It’s almost as if mainstream media has been searching for another platform from which to justify its judgemental condescension. To this eager audience, data scientist Alex de Vries, founder of Digiconomist, delivered a commentary titled: “Bitcoin’s growing water footprint.”

No conspiracy theories here

It’s a clever idea, if your aim is to reverse the growing global acceptance that Bitcoin mining can be a positive environmental force.

Climate fear mongering has been a tool-of-the-trade for some time in the clicks industry, and it is timely given the ongoing COP28 summit. Combine some existential doom with a scary new financial system that no-one can seemingly control, and the mainstream press will of course lap it up.

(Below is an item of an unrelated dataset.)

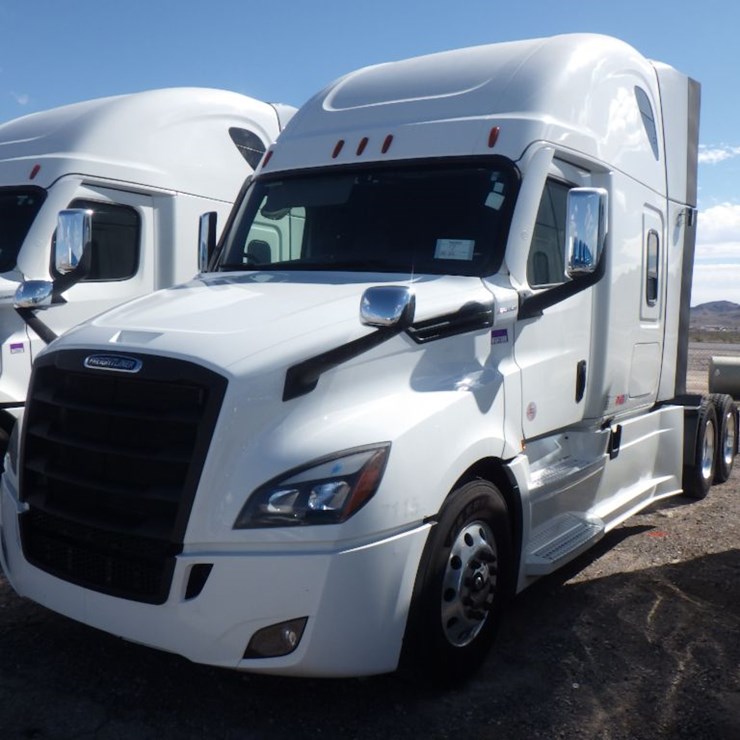 2024 FREIGHTLINER CASCADIA 126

What’s more, the new focus is particularly topical – water issues are now a regular feature in my daily reads. This weekend, for instance, economist Mariana Mazzucato and others published a piece in Project Syndicate called “Water and the High Price of Bad Economics.” On Friday, the UN published its Global Drought Snapshot with unsurprisingly chilling statistics. On Thursday, Bloomberg reported on the drought in the Amazon, last week The Economist covered the drought in Panama. I could go on, but you get the picture.

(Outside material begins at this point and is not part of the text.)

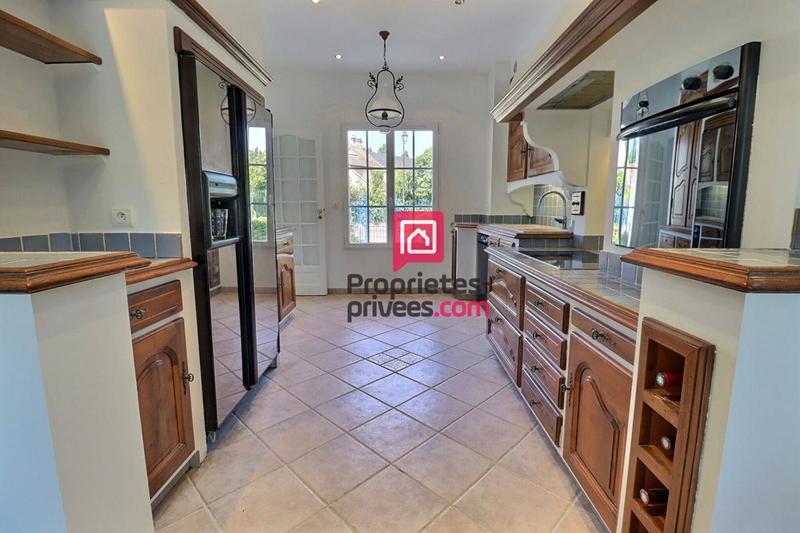 Propriété - 200 m² - 6 pièces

It’s perhaps even more ingenious in that the implied scarcity is in a different category. The “too much energy” debate was pretty easy to debate philosophically – after all, we can make more energy, either by extracting it from the ground or better harnessing the sun’s rays (to choose two examples). Energy is not a zero-sum game. Water, for now, is. If indeed Bitcoin is consuming “too much” water, that’s less water for thirsty citizens or essential agriculture. Running out of water feels more fatal than running out of energy.

And we’ve all seen how the fireball topic of climate destruction can be effectively used to alienate precisely those that could most benefit from Bitcoin: the younger western demographic, who are not as invested in trusting the current system as older generations, and who really should be thinking about how to save amid the currency debasement that’s coming.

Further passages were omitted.